▶ Exercise description
Omitting all pictures, retype the entries below exactly as given.

▶ Provided entries
Segment Open

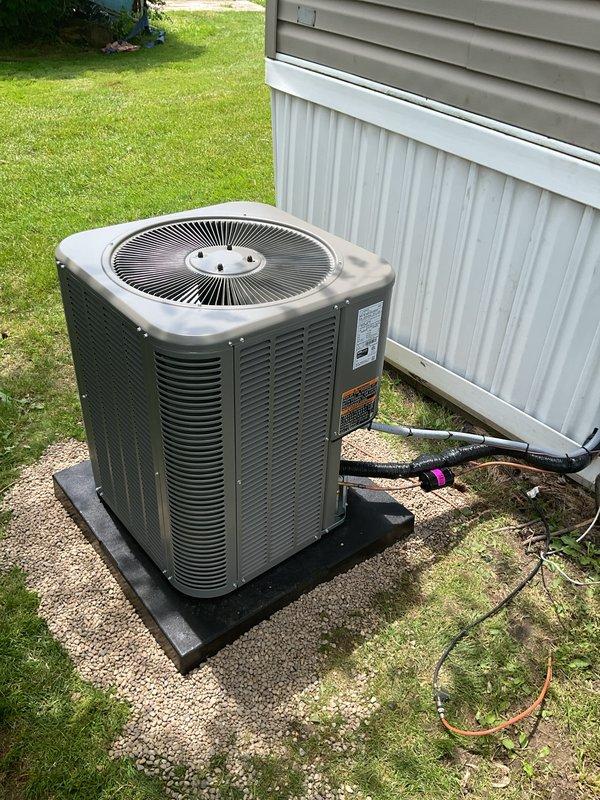 Successfully completed installation of a 2-ton air conditioning system with evaporator coil for a mobile home application. The outdoor condenser unit was positioned on a concrete pad with proper mounting and vibration isolation, while the indoor coil was integrated with the existing furnace system. All refrigerant lines were connected and secured, electrical connections were completed, and the system was tested for proper operation. Required permits were obtained prior to installation, and all work was performed in accordance with manufacturer specifications and local building codes.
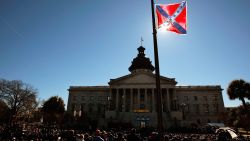 COLUMBIA, SC - JANUARY 21:  A Confederate flag that's part of a Civil War memorial on the grounds of the South Carolina State House flies over a Martin Luther King  Day rally January 21, 2008 in Columbia, South Carolina.  All three major Democratic candidates for President spoke to a large crowd on the state house grounds.  (Photo by Chris Hondros/Getty Images)
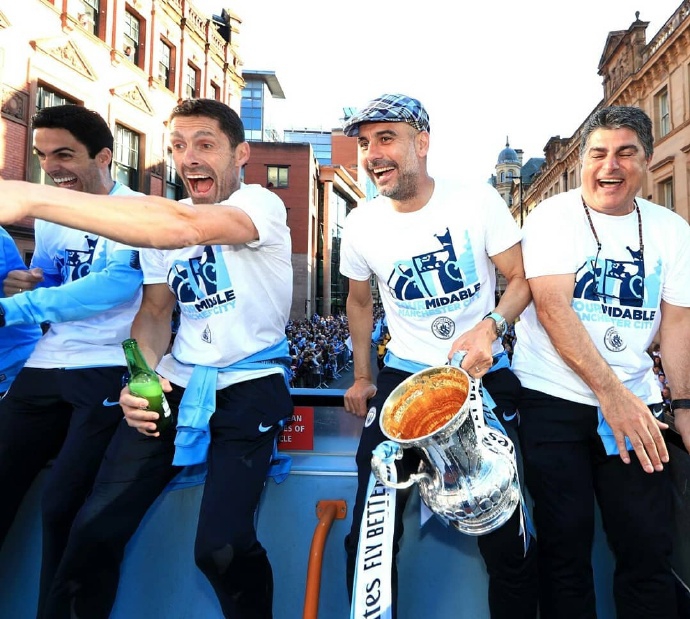 瓜迪奥拉与球员们围成一圈，共同跳跃欢呼，背景是湛蓝的天空和曼城的队旗，展现了这支王者之师无比的团结与活力。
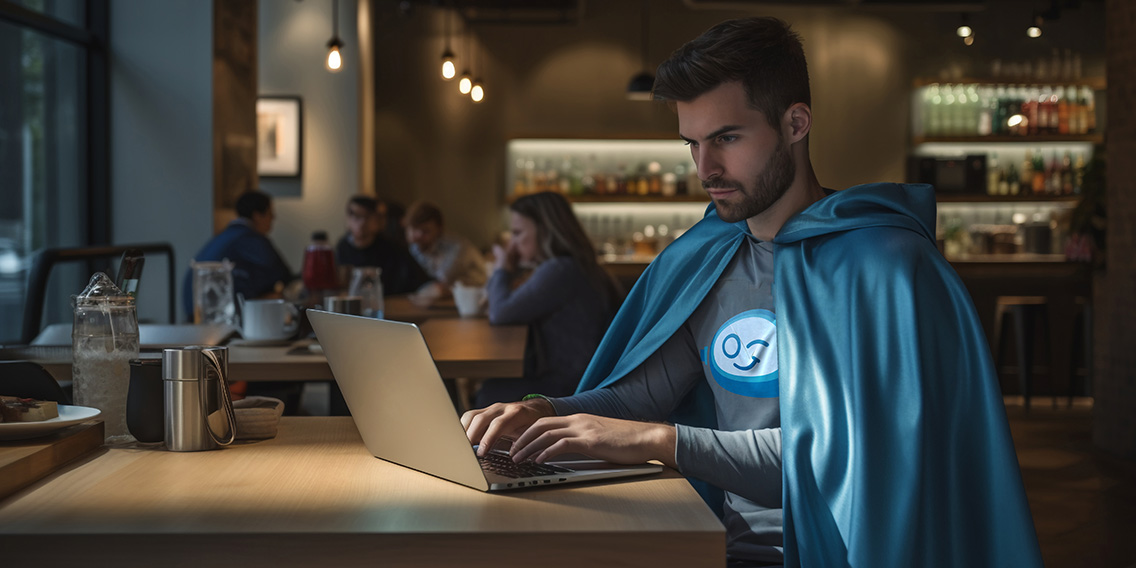 close-up-superhero-working-computer-2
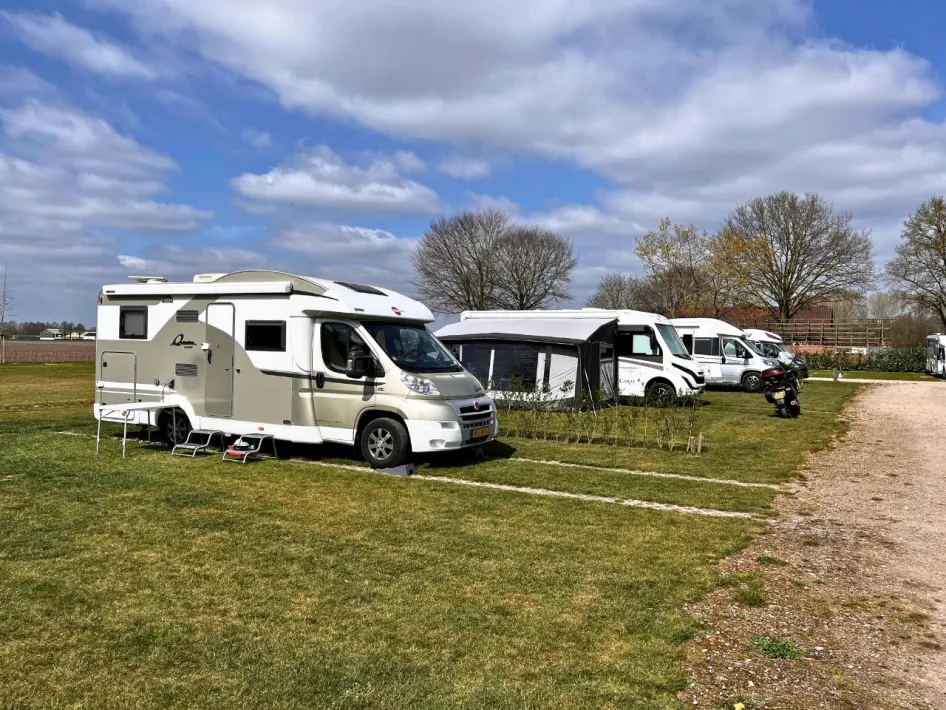 Wide view of a green RV site with several RVs and a dirt road surrounded by trees and a rural setting.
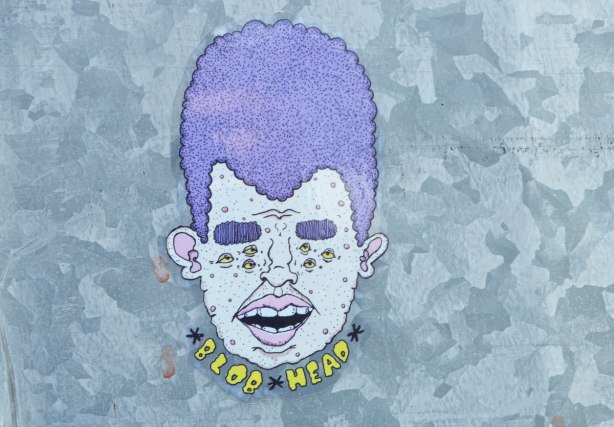 sticker on a grey metal pole. head with the words Blob Head written underneath. Purple hair, open mouth, pink lips, teeth showing, purple bushy eyebrows and three small eyes where each eye should be (six eyes in total)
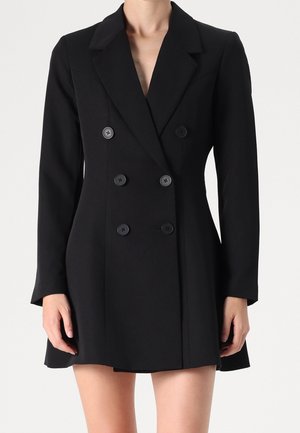Femme portant une robe blazer noire à double boutonnage avec six boutons, manches longues et col à revers en encoche.
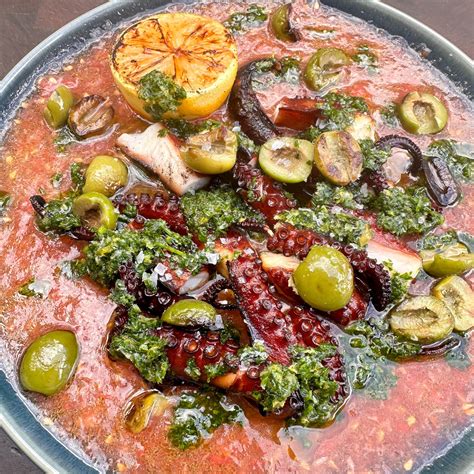 Smoked and Grilled Spanish Octopus with Olives and Tomates – Alchemy Grills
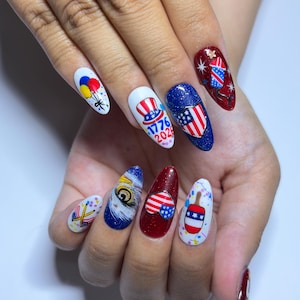 May include: A set of almond-shaped, painted fingernails with patriotic designs. The nails feature balloons, an eagle eye, the American flag, and the text "1776 2023". Colors include red, white, blue, yellow, and gold.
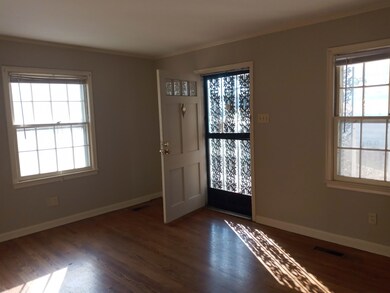 Foyer with dark hardwood / wood-style flooring and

Segment Closed

▶ Result of this exercise
 Successfully completed installation of a 2-ton air conditioning system with evaporator coil for a mobile home application. The outdoor condenser unit was positioned on a concrete pad with proper mounting and vibration isolation, while the indoor coil was integrated with the existing furnace system. All refrigerant lines were connected and secured, electrical connections were completed, and the system was tested for proper operation. Required permits were obtained prior to installation, and all work was performed in accordance with manufacturer specifications and local building codes.
 COLUMBIA, SC - JANUARY 21:  A Confederate flag that's part of a Civil War memorial on the grounds of the South Carolina State House flies over a Martin Luther King  Day rally January 21, 2008 in Columbia, South Carolina.  All three major Democratic candidates for President spoke to a large crowd on the state house grounds.  (Photo by Chris Hondros/Getty Images)
 瓜迪奥拉与球员们围成一圈，共同跳跃欢呼，背景是湛蓝的天空和曼城的队旗，展现了这支王者之师无比的团结与活力。
 close-up-superhero-working-computer-2
 Wide view of a green RV site with several RVs and a dirt road surrounded by trees and a rural setting.
 sticker on a grey metal pole. head with the words Blob Head written underneath. Purple hair, open mouth, pink lips, teeth showing, purple bushy eyebrows and three small eyes where each eye should be (six eyes in total)
Femme portant une robe blazer noire à double boutonnage avec six boutons, manches longues et col à revers en encoche.
 Smoked and Grilled Spanish Octopus with Olives and Tomates – Alchemy Grills
 May include: A set of almond-shaped, painted fingernails with patriotic designs. The nails feature balloons, an eagle eye, the American flag, and the text "1776 2023". Colors include red, white, blue, yellow, and gold.
 Foyer with dark hardwood / wood-style flooring and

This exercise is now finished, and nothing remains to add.